SOURCE INFORMATION:
┌────────

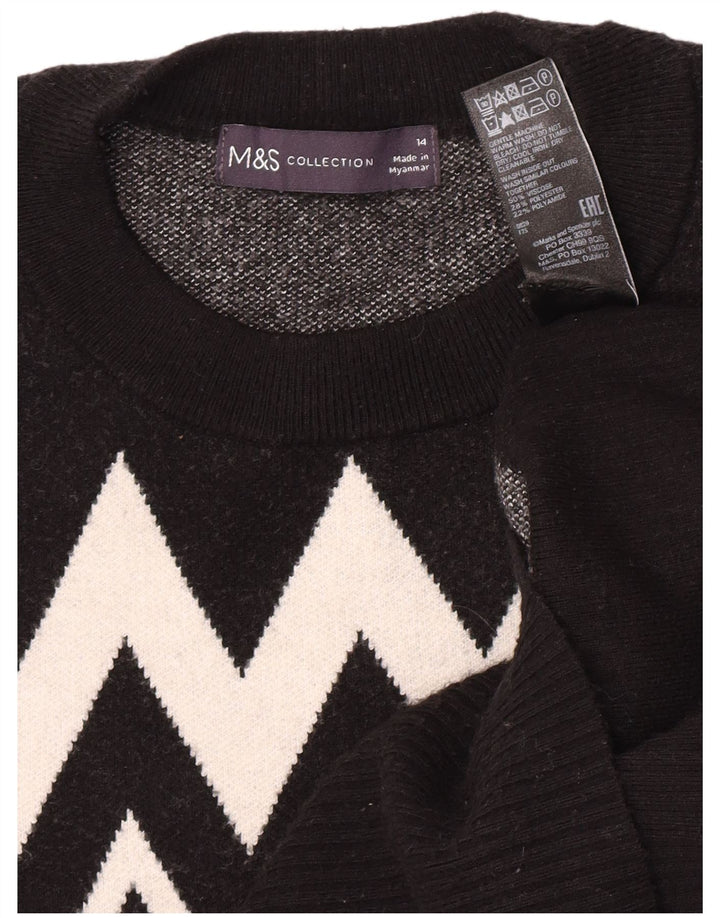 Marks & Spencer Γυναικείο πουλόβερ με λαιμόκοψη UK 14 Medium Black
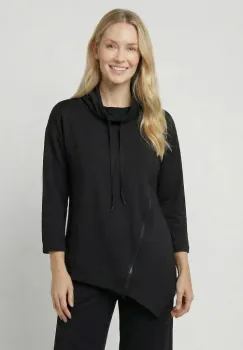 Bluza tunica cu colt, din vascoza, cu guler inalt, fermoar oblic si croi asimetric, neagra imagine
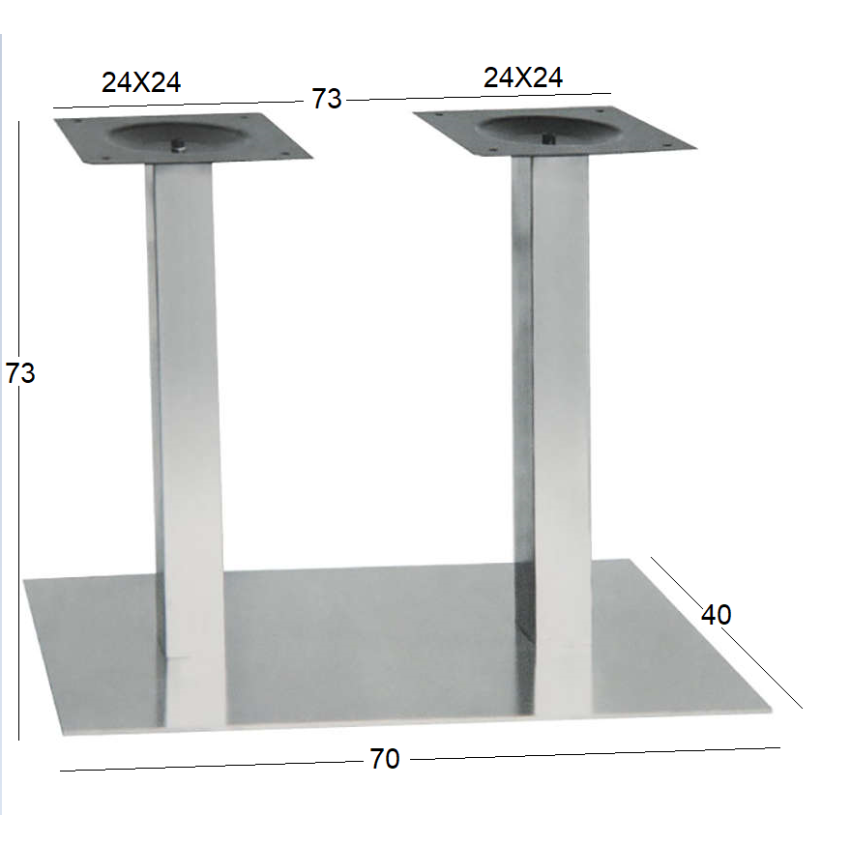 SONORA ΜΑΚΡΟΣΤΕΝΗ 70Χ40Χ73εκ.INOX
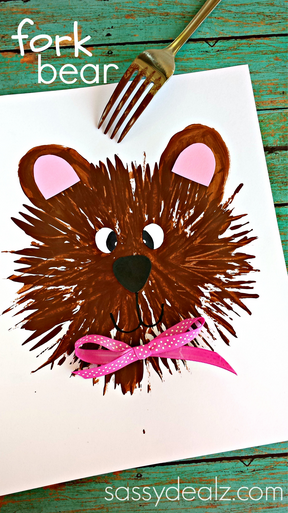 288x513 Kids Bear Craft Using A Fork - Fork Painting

└────────
┌────────

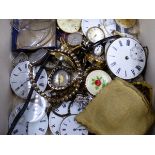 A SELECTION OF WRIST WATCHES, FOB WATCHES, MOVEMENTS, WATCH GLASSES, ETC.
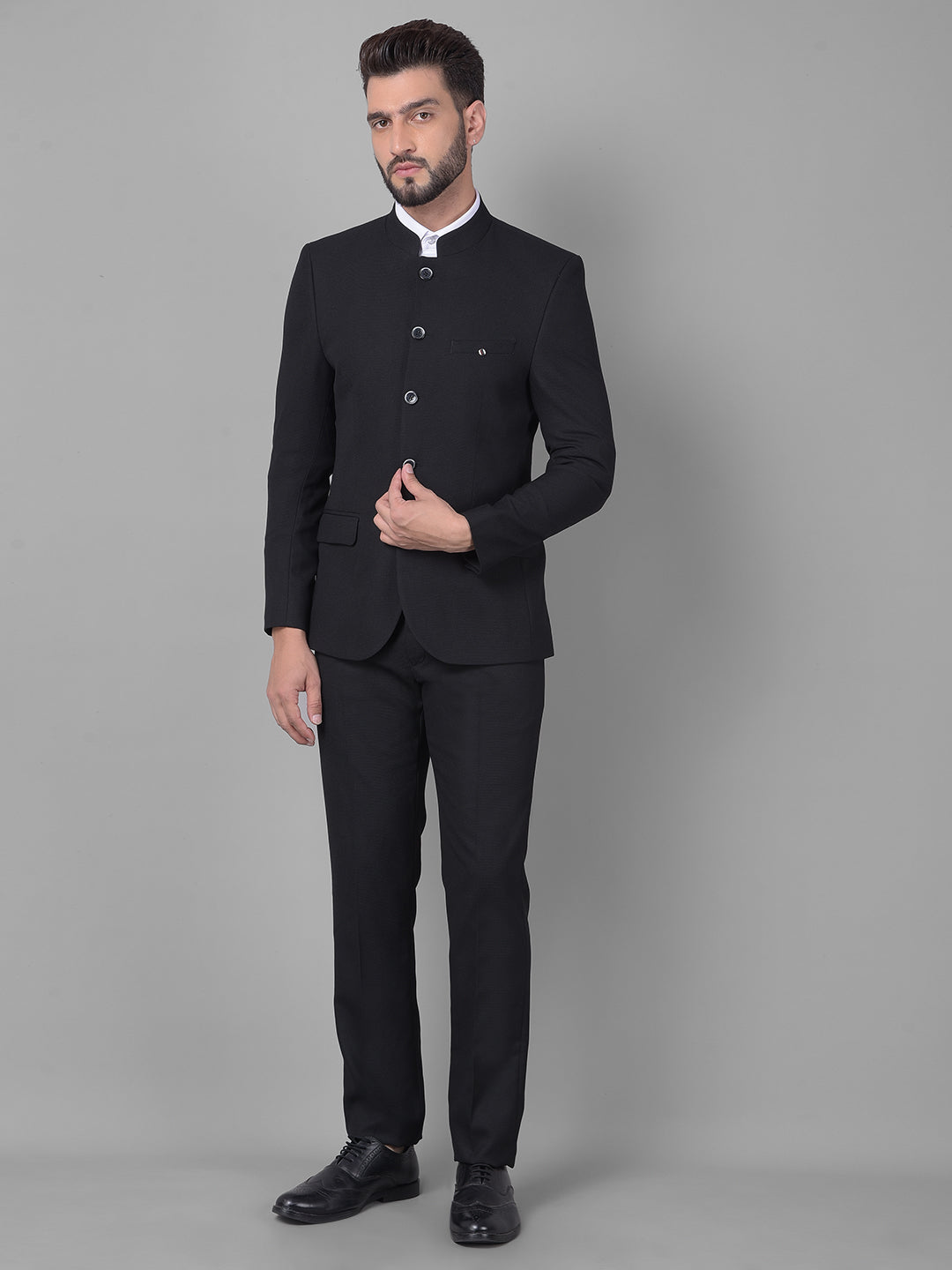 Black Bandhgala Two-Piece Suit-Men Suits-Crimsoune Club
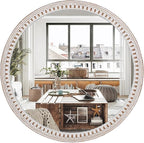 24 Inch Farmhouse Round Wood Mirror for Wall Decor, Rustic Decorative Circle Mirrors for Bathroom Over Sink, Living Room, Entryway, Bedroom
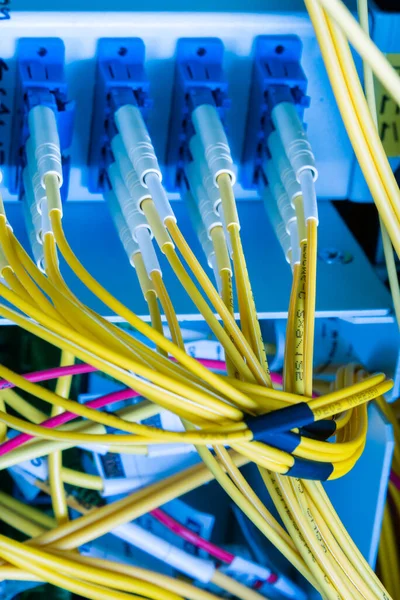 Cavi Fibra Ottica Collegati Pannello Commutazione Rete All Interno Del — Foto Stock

└────────

YOUR TASK:
Exactly reproduce the lines above, starting at the one that contains "A SELECTION OF" and ending at the one that contains "Cavi Fibra Ottica", both inclusive; leave the pictures out and add no other lines.

YOUR RESPONSE:
 A SELECTION OF WRIST WATCHES, FOB WATCHES, MOVEMENTS, WATCH GLASSES, ETC.
 Black Bandhgala Two-Piece Suit-Men Suits-Crimsoune Club
 24 Inch Farmhouse Round Wood Mirror for Wall Decor, Rustic Decorative Circle Mirrors for Bathroom Over Sink, Living Room, Entryway, Bedroom
 Cavi Fibra Ottica Collegati Pannello Commutazione Rete All Interno Del — Foto Stock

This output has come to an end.